For a little under 10 weeks we’ve been speculating on the potential impact that the coronavirus could have on the 2020 college football season.
Well, after countless Zoom meetings among officials at every level to discuss possible options, we are finally starting to get close to some really important decisions. Some of those big decisions could come this week.
So let’s take a moment to catch our breath and see where we are with 103 days until the start of college football season. Here are five questions to ponder:
1—Will the SEC presidents vote to allow football players back on campus in June?
Sports Illustrated’s Ross Dellenger reported Monday that the NCAA Division I council is expected to lift the ban on on-campus sports activities that has been in place since March and was scheduled to end on May 31. The vote could come as soon as Wednesday.
That vote could be the first step in clearing the way for the return of athletes to campus.
Also this week the 14 SEC Presidents and Chancellors are expected vote on whether or not football players could return to campus as early as June 1. Some members of the conference would rather that date be pushed to June 15.
Given the fact that all 14 SEC schools have announced their intention to have students on campus this fall, I expect the presidents to approve the return of athletes to campus sometime in June.
The rationale to bringing the players back early is that they will be safer under the controlled supervision of team doctors, trainers, coaches, nutritionists, etc.
The early indications are that if athletes return in June, it would be for voluntary workouts and the process of getting acclimated to the new normal.
2—Will the 2020 college football season start on time?
All of the signs, at least in SEC territory, say yes.
If the players are back on campus in June then the season should be able start as scheduled on Sept. 5. That would give the trainers time to work on conditioning only in June and July. Then, after a break, preparation for the first game can begin.
The bigger question is whether or not the teams can get through the entire regular season without another outbreak of the virus that could potentially shut things down. Nobody knows the answer to that question but the possibility has to be a part of the planning.
Example: The University of South Carolina announced this week that it has cancelled Fall Break, which goes through Thanksgiving weekend, just to be on the safe side.

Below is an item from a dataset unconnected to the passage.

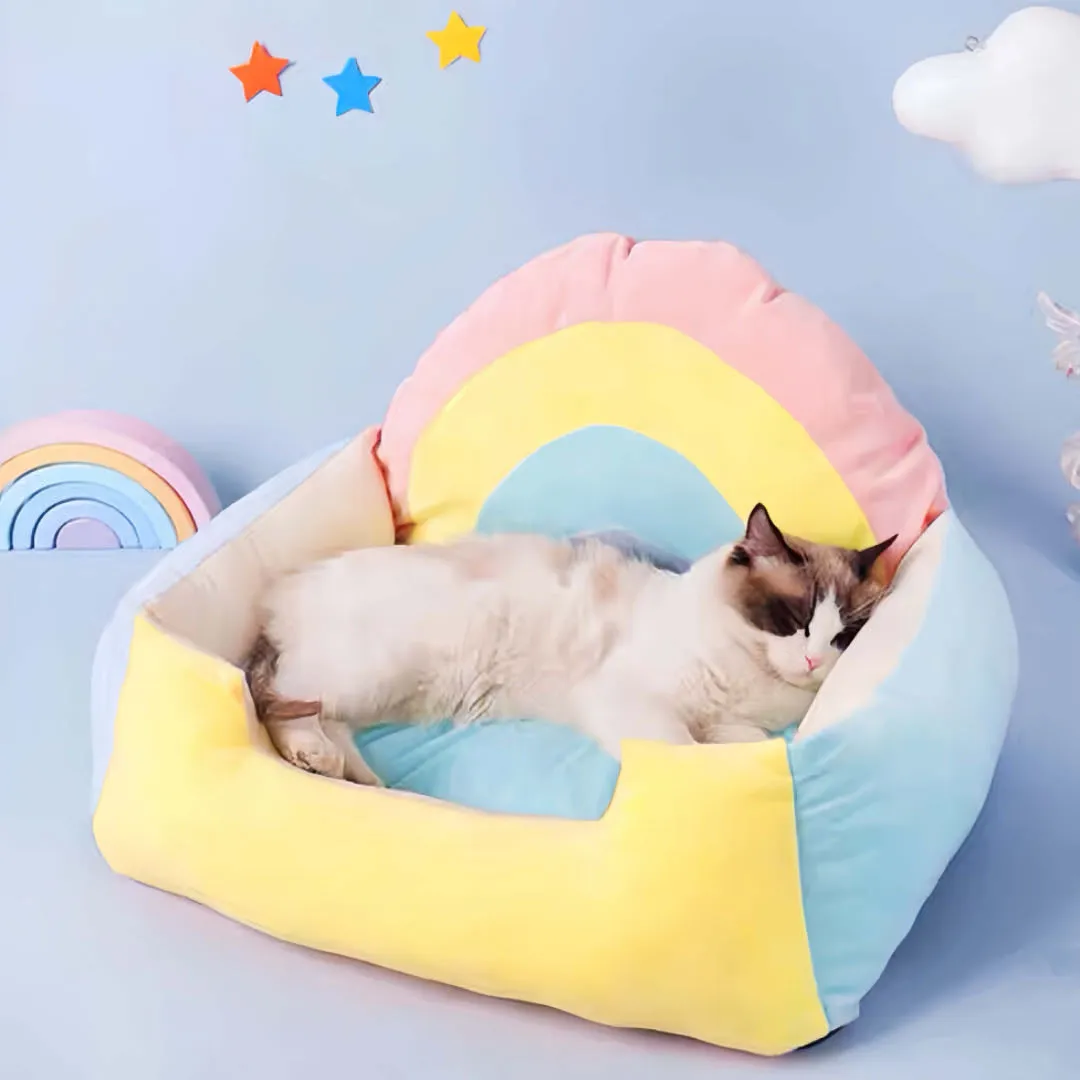 Rainbow Large Cat Bed Dog Bed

So when the students go home for Thanksgiving, they are not coming back to campus until January.
3—Will there be fans in the seats for the first game?
I don’t see it. NASCAR started without fans. Golf started without fans. If Major League Baseball can work out its squabbles, it looks like they’ll play at least part of the season without fans. I would expect the NBA to do the same.

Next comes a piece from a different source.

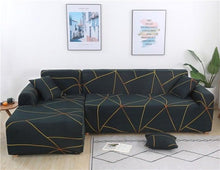 Load image into Gallery viewer, Elastic Sofa Covers for Living Room Stretch Slipcovers Sectional Couch Cover L Shape Corner Armchair Cover 1/2/3/4 Seater Slipcovers Elastic Stylish Printed Sectional Sofa Furniture Protector For Living Room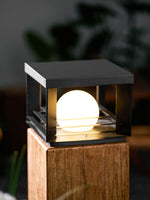 Lunar Crate Outdoor Table Lamp – Modern LED Garden Light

Now maybe the college football world will look different on Sept. 5, the first full Saturday of the season. But all the focus in the early weeks of the season has to be on the health and well-being if the players. Once it is proven that the games can be played safely, then the powers-that-be can turn their attention to letting some fans into the stadium under strict guidelines.
Is it going to be strange playing college football games without the energy of the fans? Sure it will. But it looks like the choices will be, at least in the beginning, football without fans or no football at all.
4—Is it possible that some schools/conferences will decide not to play this season or start the season late?
Absolutely. We’re all keeping our eye on California, where governor Gavin Newsom surprised a lot of people this week when he said pro sports will be allowed to play in the state without fans. Now does that mean that college sports will be able to do the same thing? We don’t know that.
We also don’t know if California schools would be allowed to play outside the state. USC is scheduled to open the season with Alabama on Sept. 5 in Arlington, Tex.
In the state Stanford hosts William & Mary, California hosts TCU and UCLA hosts New Mexico State on Aug. 29.
If the California schools can’t play, even with no fans, that would be a huge blow for the Pac-12, which was already having its problems in football.
SEC Commissioner Greg Sankey told me last week that he hopes the Power Five conferences will all be able to start the season on time because they are all connected by scheduling. But he did allow that there was room for different conferences to reach different decisions on whether or not to play.
5—Wouldn't it be unfair if some conferences can bring athletes back to campus earlier than others?
There’s going to be a lot of things that won’t be fair in this unprecedented season. Competitive balance is something that is going to be way down the list of priorities when it comes to getting this season played. In short, coaches and fans who are worrying about these kinds of things are going to have to get over it.
“There are no equal solutions,” Mountain West Conference commissioner Craig Thompson told Sports Illustrated. “There are pockets of coaches saying ‘Wait a minute, I didn’t get 12 Spring practices.’ Give me a break.”
Indeed. This will be unlike any college football season we’ve ever experienced. Everybody—players, coaches, fans, media—are going to have to be flexible.